▸ Task input:
Start of Block

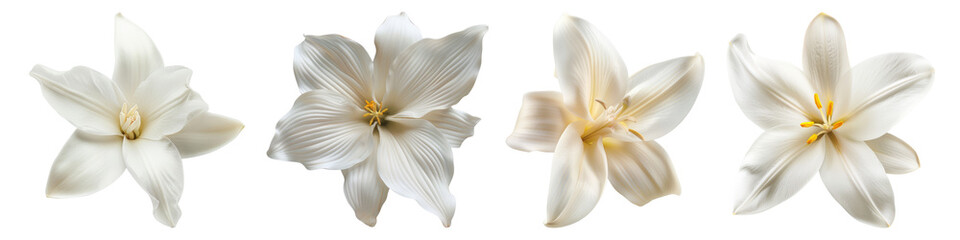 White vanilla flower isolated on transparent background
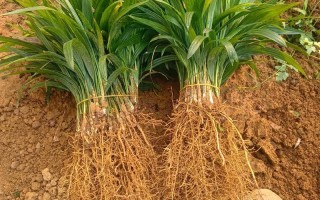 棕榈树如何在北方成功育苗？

End of Block
Start of Block

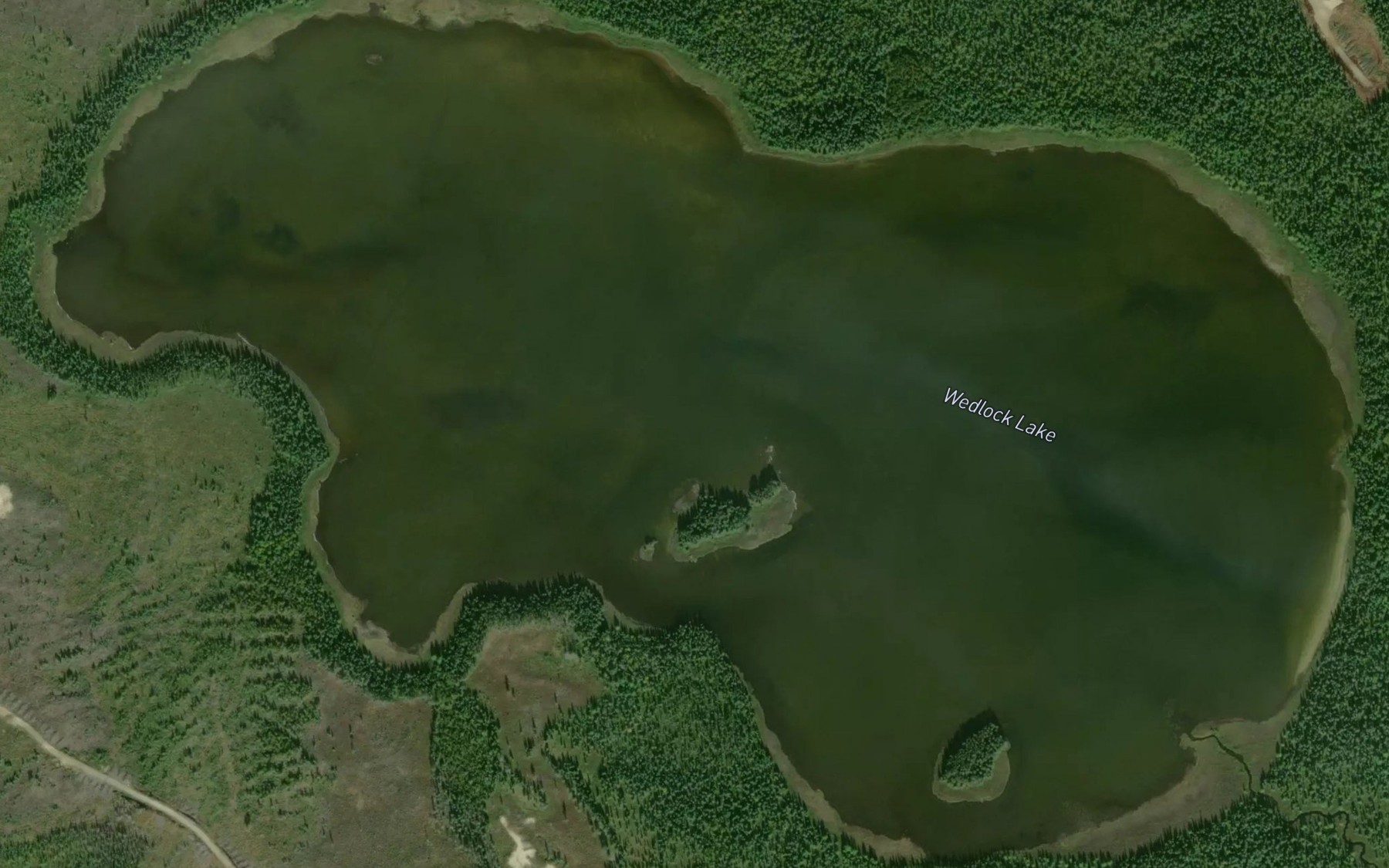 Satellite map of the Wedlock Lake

End of Block

Given the records above, return the lines starting at the one that holds "White vanilla flower" and ending at the one that holds "棕榈树如何在北方成功育苗？", exactly, and nothing besides; leave every picture out.

▸ Problem solution:
 White vanilla flower isolated on transparent background
 棕榈树如何在北方成功育苗？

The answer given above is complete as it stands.